All the vendors understand this. Workday is redesigning its entire Employee Experience stack. Oracle and SAP introduced entirely new HCM Platforms. And vendors from Namely to Paycor to ADP are now selling easy-to-use apps, self-service tools, and new applications for wellbeing, learning, career mobility, and more.
In fact, as I’m going to discuss next week at the HR Tech show, the entire HR Tech market has flipped upside down. We now want “employee experience first,” and “core HR second.” Of course, we will always need robust transactional systems for payroll, compliance, recruiting, and pay – but these capabilities are more commodity-like than ever, moving all the action to the employee-facing systems.
Cornerstone, which built a billion-dollar business around automating and managing learning and career solutions, is joining this parade.
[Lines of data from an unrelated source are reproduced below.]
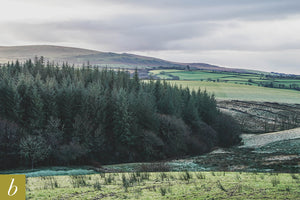 Dartmoor on January 22nd 2021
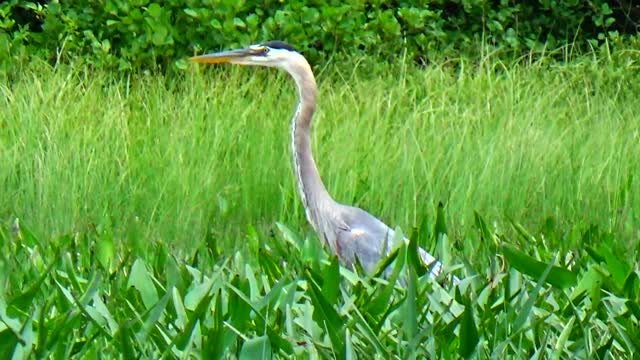 Great Blue Heron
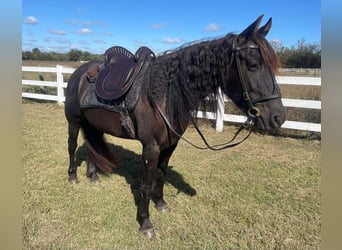 American Quarter Horse, Wallach, 12 Jahre, 152 cm, Roan-Bay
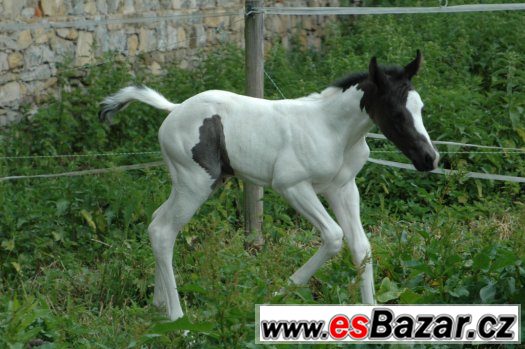 Prodám klisnu paint horse APH – fotografie 3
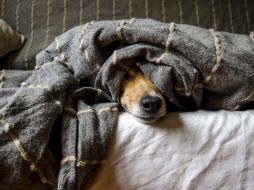 Protégete y también a tu lomito durante este gran fenómeno natural. Pixabay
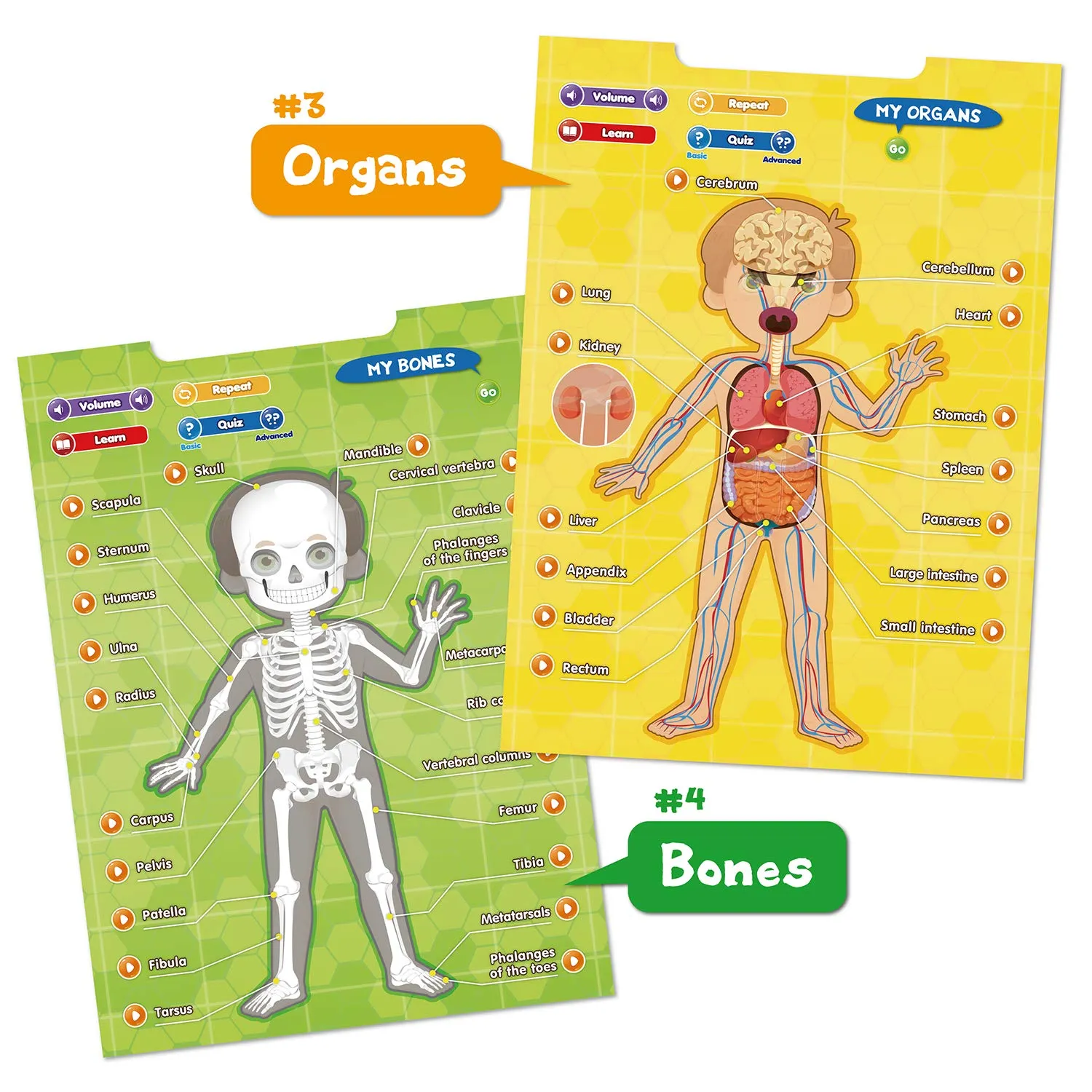 BEST LEARNING i-Poster My Body - Interactive Educational Human Anatomy Talking Game Toy System Poster to Learn Body Parts, Organs, Muscles and Bones for Kids Aged 5 to 12 Years Old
While the new products are not yet announced, I know that the company is working hard on a new employee-facing system that intends to make work easier, more fun, and more engaging than ever. And that’s what this vision announcement is all about.
While there are a lot of vendors piling into this space (including Microsoft, Google, ServiceNow, and Salesforce), I think Cornerstone has an interesting opportunity. The company has more than 6,000 customers and 75 million users, which makes them even bigger than Workday on user count. So if the company truly introduces an AI-driven platform, it could be pretty powerful. And the company’s focus on content has also been interesting: Cornerstone sees itself as a new, hipper version of Skillsoft, which is an interesting aspiration to consider.
This is not to say Cornerstone won’t have competition. Vendors like Eightfold.ai, SkyHive, iCims, Degreed, EdCast, and many others (I’ll discuss more next week) are all working on similar things. And some of these vendors are many years ahead of Cornerstone in their implementations. In fact, the big 600-pound gorilla is still Microsoft (and LinkedIn), which is getting very well organized around its integration between Viva and LinkedIn.
But let me give Cornerstone a vote of confidence in their mission. This is a company that has grown and outperformed almost every LMS vendor for years, and its upcoming status as a private company gives it lots of elbow room to build, acquire, and innovate.